The distinction that takes the weight off your shoulders
Most people use the words “guilt” and “shame” as if they mean the same thing. They don’t. Guilt is “I did something bad.” It shows up when you act, speak, or even think in a way that crosses your own standards, and in that sense it can be useful, because it points at a behavior you can change.
Shame is “I am bad.” It takes the same moment and turns it into an identity. I’m someone who shouldn’t speak up. I’m someone who shouldn’t be seen. Researchers who study these two emotions have found that guilt tends to move people toward repair, while shame tends to make them want to disappear. One is about something you did. The other is about who you are, and that is why it deflates you so completely.
Why shame feels physical
Watch what your body does the next time shame moves through you and you’ll notice it pulls you down. The shoulders round forward, the chest caves, the head drops, the eyes find the floor. Shame is one of the oldest survival mechanisms we have. For most of human history, being out of step with your group carried real consequences.

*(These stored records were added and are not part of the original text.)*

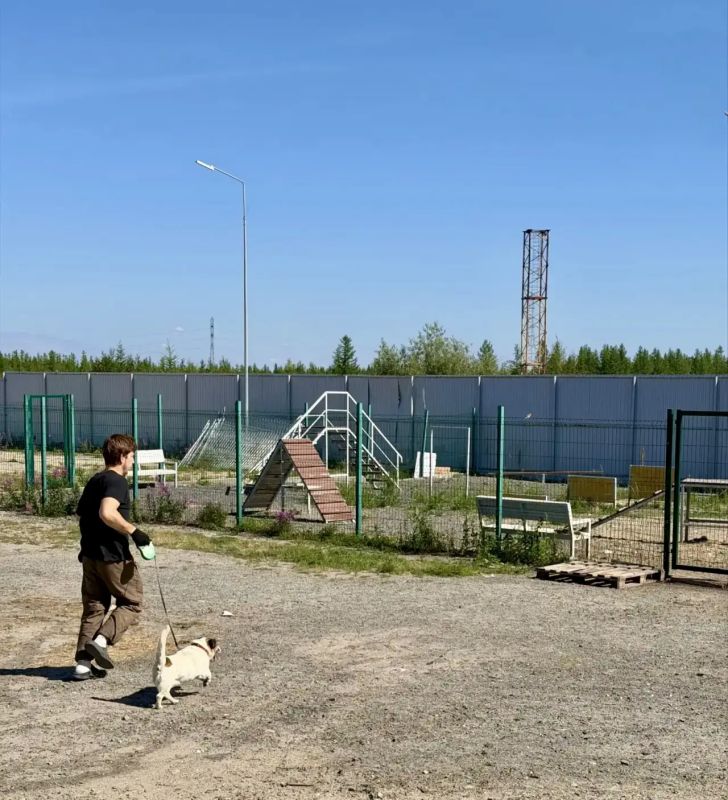 «ГороДог» объявляет день открытых дверей! «ГороДог» объявляет день открытых дверей!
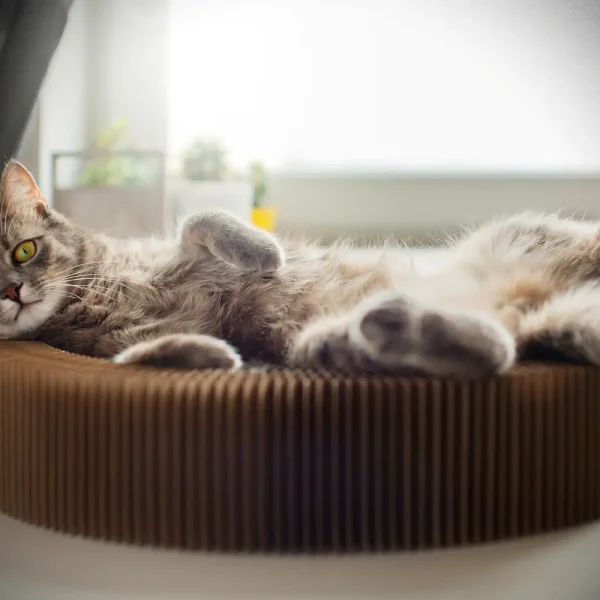 kedilerde_uyku_duzeni_ve_rahatligi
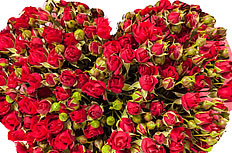 心形玫瑰花束图片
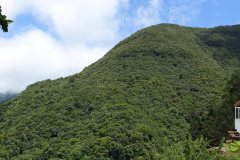 DSC07486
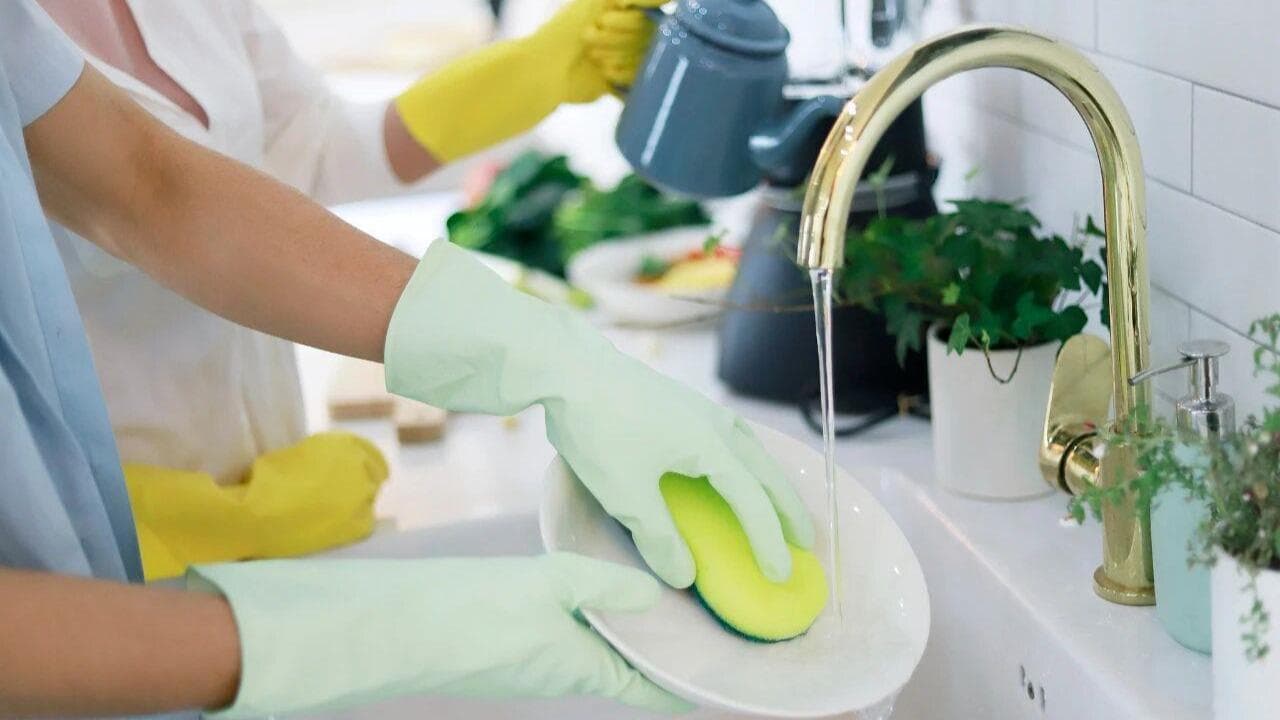 研究揭示:洗碗海绵可能是家庭中最脏的物品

Rejection from the tribe could mean death, so your nervous system learned to keep you small and tucked in whenever you sensed you might be exposed. The front of your body holds your most vulnerable places, the throat, the heart, the soft belly, and the collapse is your body curling around them to protect them. This is why shame is so hard to think your way out of. The feeling arrives as a physical posture your body drops into before you have even formed a sentence about it.
The response that releases shame instead of feeding it
The thing that releases shame is empathy, and most of us reach for the opposite. Picture a friend telling you they feel embarrassed about something. If you say “don’t worry about it,” it sounds kind, but it tends to deepen the shame, because you have just told them the feeling should not be there.
What helps is staying with them and feeling into why it showed up at all. Brené Brown, who has spent her career studying shame, points to empathy as its antidote for exactly this reason. The same rule runs inside you. When something shameful surfaces and you bury it or tell yourself to toughen up, you feed it. When you turn toward it with something closer to compassion, it gets room to move.
Research on self compassion has found a similar pattern, that meeting your own pain with warmth appears to lower shame and quiet the harsh self talk that travels with it. The thing you were hiding was rarely the real problem. The hiding was doing most of the damage.
A two-minute practice to try right now
You can work with this directly, and you need nothing but a few quiet minutes. Sit down and let your body take the shape it goes into when you feel ashamed. Don’t make it neat. Round forward, drop your head, let yourself collapse the way you actually would. Then breathe. Inhale into your ribs and feel your back widen, and exhale slowly through your mouth.
Your only job in this moment is to observe, not to fix. Notice the protection in the posture without judging it. As you keep breathing, see if you can find the part of you that is watching all of this, because you are both the one hiding and the one who can see the hiding. Now place one hand on your heart and one hand on your belly, and say quietly to yourself, I see this part of me, and I acknowledge it.
You are offering a part of yourself the empathy it never received, which is the same thing that would help a friend, simply turned inward. Stay there for a few breaths longer than feels comfortable. Something usually softens.
What changes when you stop hiding
The parts of us we hide are not dangerous. They became that way only because we treated them as something to keep out of sight, and the hiding quietly drained energy we could have been using to live. When you let one of them be seen, even if the only witness is you, it stops needing so much of your strength to stay buried.
This came from one of the weekly Self Expansion Practices I teach , where we take an idea like this one out of the head and move it through the body, and there is more of that work waiting inside SelfExpansion.app if you want to go further with it. (For refrence the recording of this one was released 6-10-26, and is called Practice for Processing Shame)
For now, start with what is above. Choose one thing you have been dressing up in an easier word, sit with it, and tell it the truth. I see you. That is where it begins to change.